South Bay Expressway: Bankrupted Toll Road Tests Transportation Department Program

Will Bankrupt Toll Road Bankrupt The Feds?

When federal officials finalized a loan to a consortium building a toll road through open country in San Diego County near the Mexican border in 2003, they had high hopes for the project: the South Bay Expressway. Taking advantage of the Transportation Infrastructure Finance and Innovation Act, the investors behind the four-lane highway sought to prove that the private sector had a role to play in America's transportation infrastructure.

Unlike other so-called "brownfield" acquisitions of existing toll roads like the Chicago Skyway, the South Bay Expressway was supposed to serve as evidence that private industry could build "greenfield" highways with a little help from the feds.

The $140 million in federal money loaned to the highway, Bush Transportation Secretary Norman Mineta said at the time, was "a TIFIA success story, demonstrating how innovative federal financing tools can attract private investment to critical transportation projects."

Officially owned by the California Department of Transportation, the road would be leased to a group of private backers until 2042. The toll road's backers -- including an assortment of some of the world's leading banks and the Macquarie Infrastructure Group, a major player in the burgeoning world of such so-called "public-private partnerships," (PPPs) -- expected that the then-seemingly unstoppable suburban growth near San Diego would repay their investment handsomely.

Eight years later, after $635 million in construction costs, disappointing traffic revenue, the housing crash and bankruptcy, the South Bay Expressway is something less than a monument to "innovative" financing methods and private industry. Instead, the the toll road, which emerged from Chapter 11 bankruptcy in April, was officially sold to the San Diego Association of Governments on Dec. 21. Macquarie, the Australian infrastructure investment company, simply wrote the road off as a loss.

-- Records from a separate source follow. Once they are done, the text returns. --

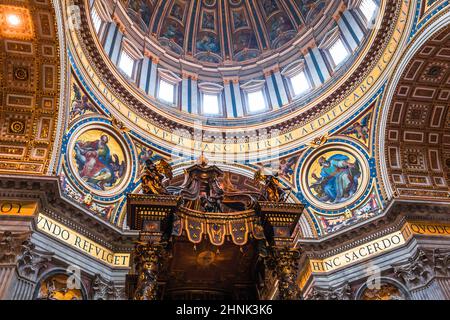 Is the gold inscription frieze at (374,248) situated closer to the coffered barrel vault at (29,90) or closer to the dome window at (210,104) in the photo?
the dome window at (210,104)

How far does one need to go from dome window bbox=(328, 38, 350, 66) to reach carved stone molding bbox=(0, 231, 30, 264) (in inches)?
561

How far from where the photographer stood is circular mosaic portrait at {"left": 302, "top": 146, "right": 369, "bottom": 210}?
1460 centimetres

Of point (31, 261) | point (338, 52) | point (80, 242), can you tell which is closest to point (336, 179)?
point (338, 52)

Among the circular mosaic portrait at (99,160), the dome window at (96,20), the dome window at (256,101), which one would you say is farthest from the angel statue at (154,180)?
the dome window at (256,101)

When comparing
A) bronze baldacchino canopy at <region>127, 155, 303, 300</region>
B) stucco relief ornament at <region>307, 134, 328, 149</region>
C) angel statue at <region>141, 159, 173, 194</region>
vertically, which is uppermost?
stucco relief ornament at <region>307, 134, 328, 149</region>

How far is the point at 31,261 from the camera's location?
32.0ft

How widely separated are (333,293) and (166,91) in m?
11.9

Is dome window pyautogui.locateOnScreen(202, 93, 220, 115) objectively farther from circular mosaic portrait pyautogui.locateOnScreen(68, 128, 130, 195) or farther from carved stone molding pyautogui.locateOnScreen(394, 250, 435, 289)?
carved stone molding pyautogui.locateOnScreen(394, 250, 435, 289)

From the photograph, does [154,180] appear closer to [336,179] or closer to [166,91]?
[336,179]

In the meantime, the bankruptcy tested one of key provisions of the TIFIA program: the so-called "springing lien" that jumps the federal government to the head of the line of creditors looking to recoup their investments. The bank lenders on the project will all lose money, but the federal government, which saw its initial $140 million loan to the company running the toll road chopped down to $94.2 million during the bankruptcy period, says that it will still break even on the South Bay Expressway because of higher interest rates paid on its loan.

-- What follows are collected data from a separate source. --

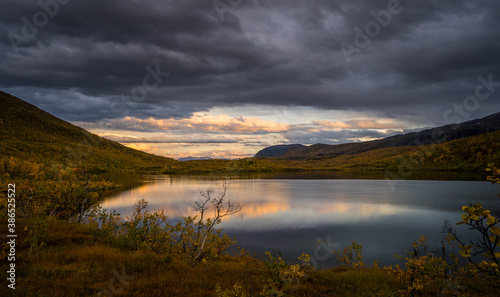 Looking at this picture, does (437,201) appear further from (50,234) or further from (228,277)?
(50,234)

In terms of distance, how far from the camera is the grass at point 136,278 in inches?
484

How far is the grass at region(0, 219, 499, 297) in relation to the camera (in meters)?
12.3

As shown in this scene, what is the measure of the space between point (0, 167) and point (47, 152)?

"I think in the end we were able to construct a deal that was good for both the region and TIFIA," said Marney Cox, chief economist for the new owners, SANDAG. At the same time, Cox said, negotiations over how to construct the deal in such a way that the federal government wouldn't lose money were difficult.

"To have the first one go bad on you wouldn't have been a good sign for the program over all," Cox said. "So I think they were trying to figure out a way to save that program from going under."

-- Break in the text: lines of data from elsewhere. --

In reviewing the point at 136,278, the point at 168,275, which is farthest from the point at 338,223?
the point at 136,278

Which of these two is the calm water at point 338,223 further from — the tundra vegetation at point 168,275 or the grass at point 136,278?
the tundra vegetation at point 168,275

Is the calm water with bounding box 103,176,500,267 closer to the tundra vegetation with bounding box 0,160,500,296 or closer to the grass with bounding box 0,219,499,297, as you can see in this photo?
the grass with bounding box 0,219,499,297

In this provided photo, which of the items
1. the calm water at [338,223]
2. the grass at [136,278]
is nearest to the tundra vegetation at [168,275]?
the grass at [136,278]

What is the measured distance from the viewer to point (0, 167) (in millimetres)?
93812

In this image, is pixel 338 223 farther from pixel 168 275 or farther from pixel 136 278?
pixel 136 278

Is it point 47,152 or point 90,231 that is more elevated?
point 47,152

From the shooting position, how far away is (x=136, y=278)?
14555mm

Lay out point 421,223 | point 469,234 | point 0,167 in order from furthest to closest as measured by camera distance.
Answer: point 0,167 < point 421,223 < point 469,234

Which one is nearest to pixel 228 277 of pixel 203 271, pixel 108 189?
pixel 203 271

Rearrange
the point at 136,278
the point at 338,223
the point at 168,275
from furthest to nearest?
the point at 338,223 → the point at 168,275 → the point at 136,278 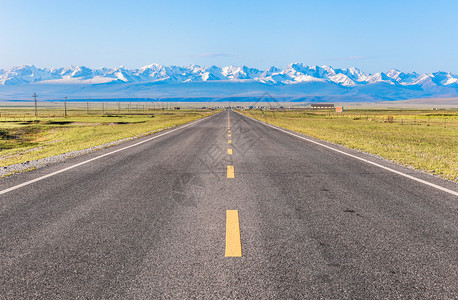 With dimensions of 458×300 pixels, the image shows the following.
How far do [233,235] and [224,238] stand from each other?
16 cm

Under a new arrangement with SANDAG, the Federal Highway Administration says, it may even have a shot at making more than the original principal and interest it predicted it would when it made the loan in 2003 -- as long as traffic exceeds conservative estimates.

The road's tortured history, and especially its journey through bankruptcy court, are enough to convince critics of PPPs that this is one bet the feds never should have made.

"Private toll roads are backed by expectations about increased driving volume," said Phineas Baxandall of the U.S. federation of state Public Interest Research Groups.

The decision to build any road is based in part on projections of future traffic volumes, which are notoriously tricky to calculate. In the case of toll roads with private investors, however, when the government gets involved, the government's ability to break even is dependent on how accurately those private investors have judged the market.

Baxandall thinks the Federal Highway Administration should have taken a harder look at the South Bay Expressway's traffic projections. He also argues that projects like Los Angeles's "30/10" expansion of its mass transit program, which promises to build 30-years'-worth of subway and transit expansions in just 10 years, are a better bet for taxpayers.

"Local transit projects like LA's expansion or Denver's light rail program are backed by local taxes, which are more reliable and can be tweaked to produce more revenue, so they should protect federal taxpayers' TIFIA dollars better," Baxandall said. Proposed legislation in the Senate could do away with mass transit's edge in the TIFIA selection process.

In San Diego, critics also raised eyebrows at the $341.5 million that SANDAG, the league of municipal governments, agreed to pay for the roads. That was significantly more than the road's assessed value of $287 million during the bankruptcy.

But Cox said the company in charge of the toll road after its bankruptcy was able to convince SANDAG that its business was worth the larger amount, because of arguments that it might be able to extend its lease on the road, chop executives' salaries and reduce its property taxes.

Carolyn Chase of the San Diego chapter of the Sierra Club said it was a case of misplaced priorities.

"They love freeways," Chase said. "Honestly. When you ask to use money for a better transit system, for instance, they'll say 'oh no, we can't do that.' But when it comes to a freeway, they find the money."